- Your assignment -
In the records below, find the line containing "Cover Die Olchis", then print it and every following line exactly, through the last, without pictures.

——

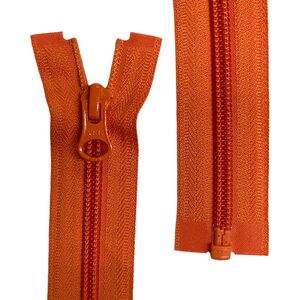 5C Closed-End Coil Zipper, 20 cm, Orange, Natulon® (Recycled Polyester)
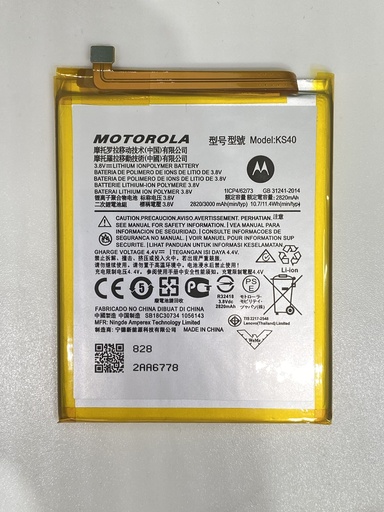 Batería Moto E6S / E6 Play / KS40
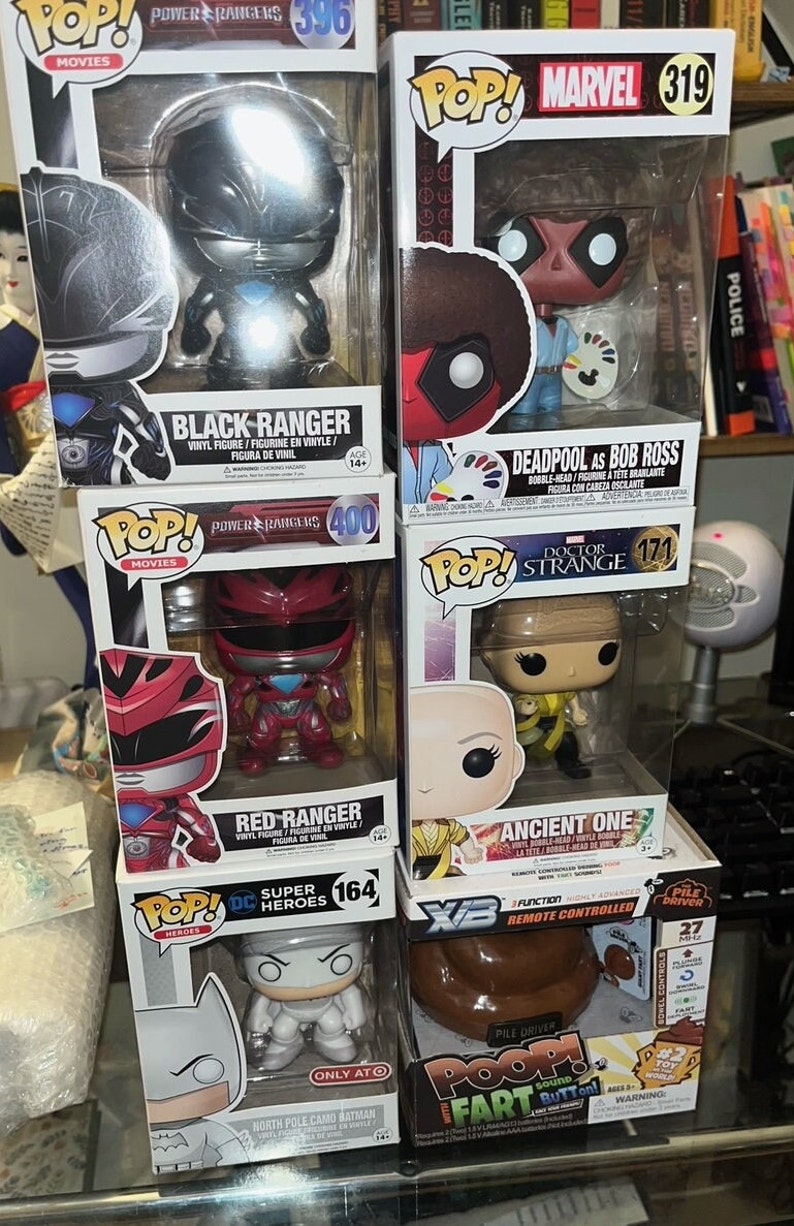 il_794xN.4473004126_302i.jpg Custom Vinyl Figure Bundle with Display Shelves & Accessories - Image 1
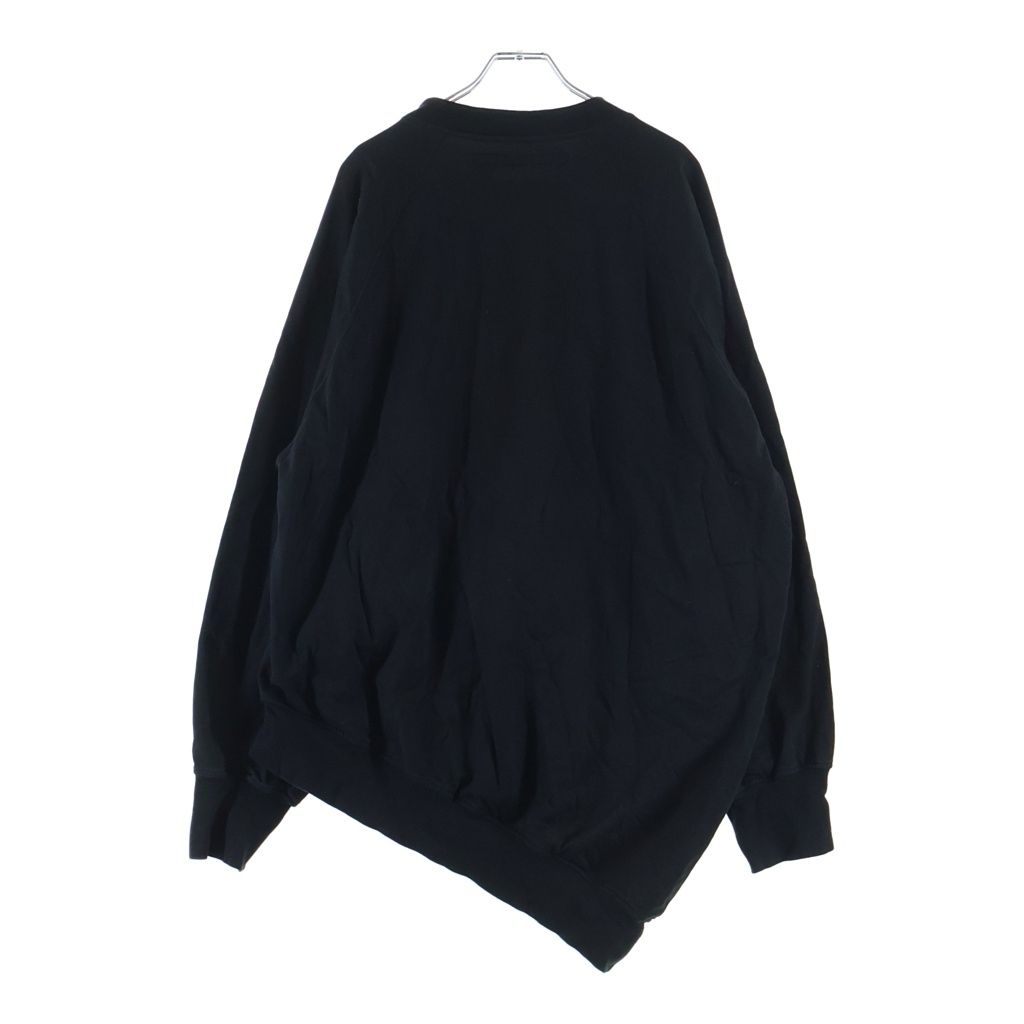 JULIUS (ユリウス) 21AW フロントプリント スウェット ブラック - メルカリ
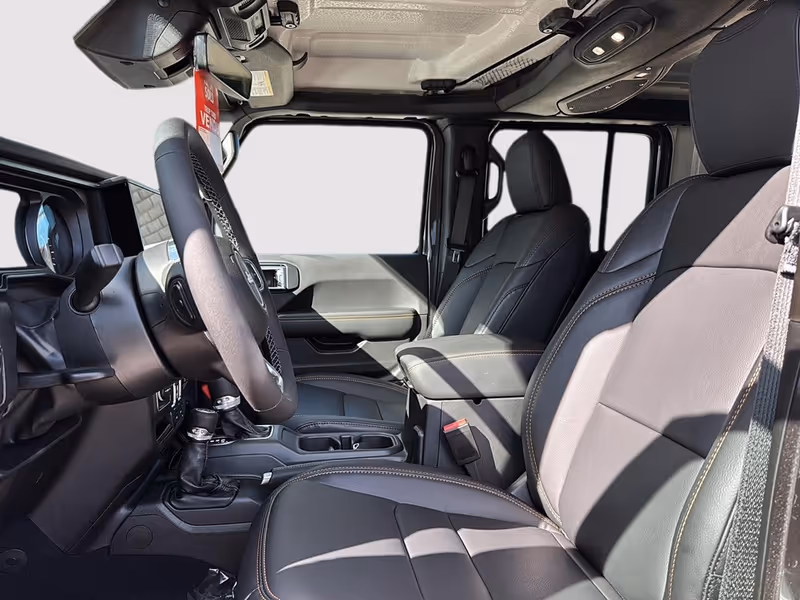 2027 Jeep Wrangler Sahara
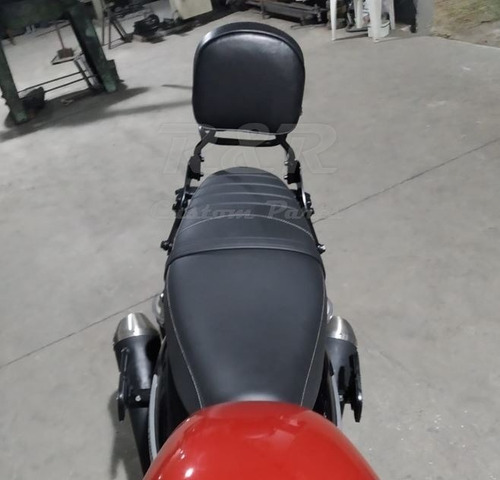 Sissy Bar Encosto Garupa Triumph Speed Twin Bonneville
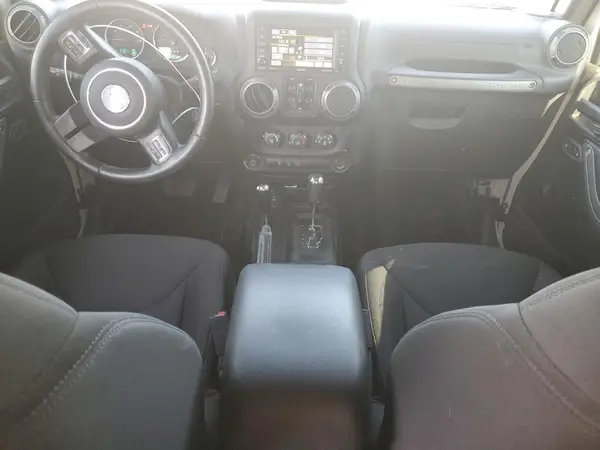 2017 JEEP WRANGLER COPART lot 65460805 auction photo 8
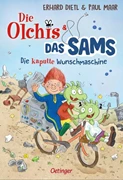 Cover Die Olchis und das Sams. Die kaputte Wunschmaschine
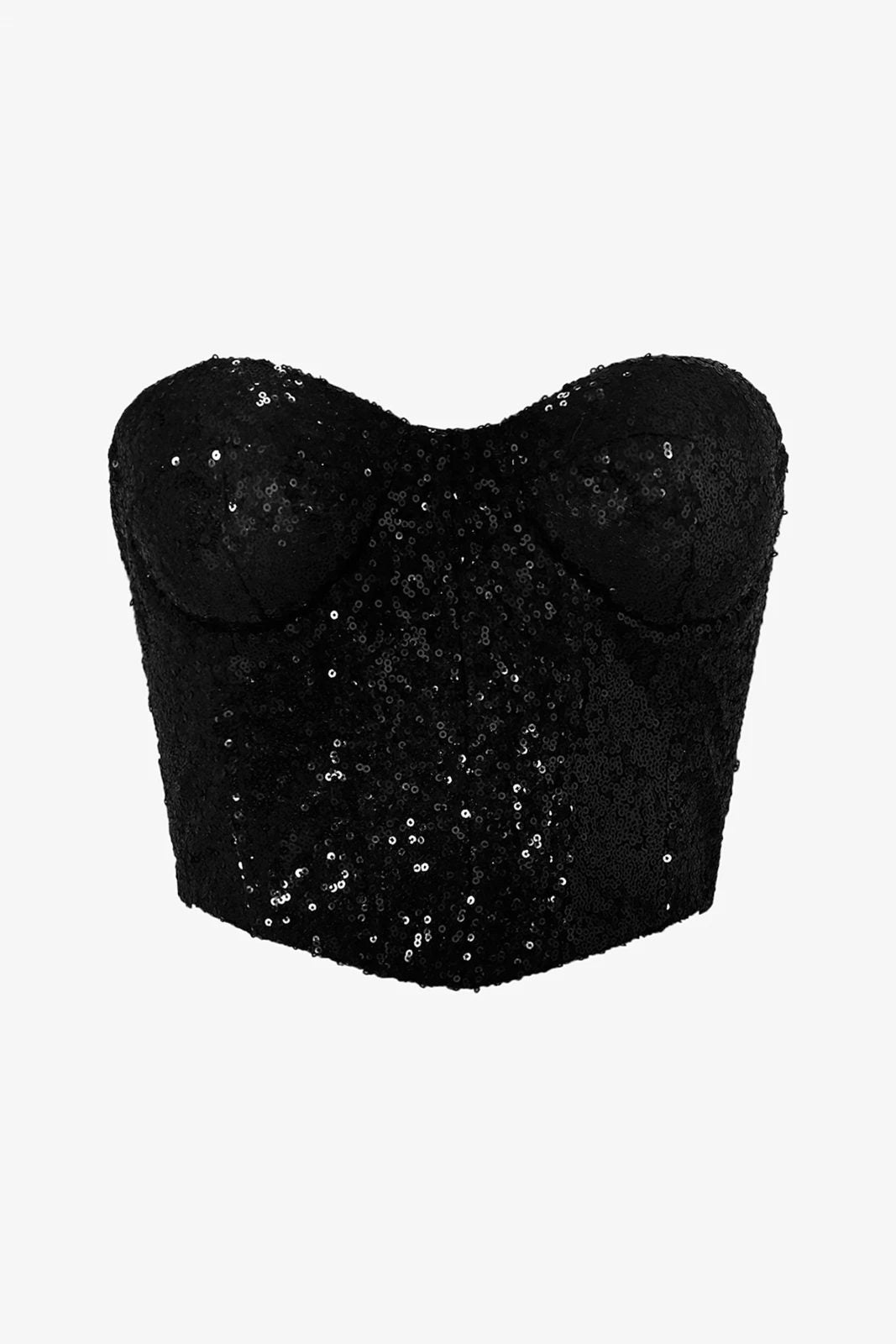 Thelia Sequin Top - MEAN BLVD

——

- Your response -
 Cover Die Olchis und das Sams. Die kaputte Wunschmaschine
 Thelia Sequin Top - MEAN BLVD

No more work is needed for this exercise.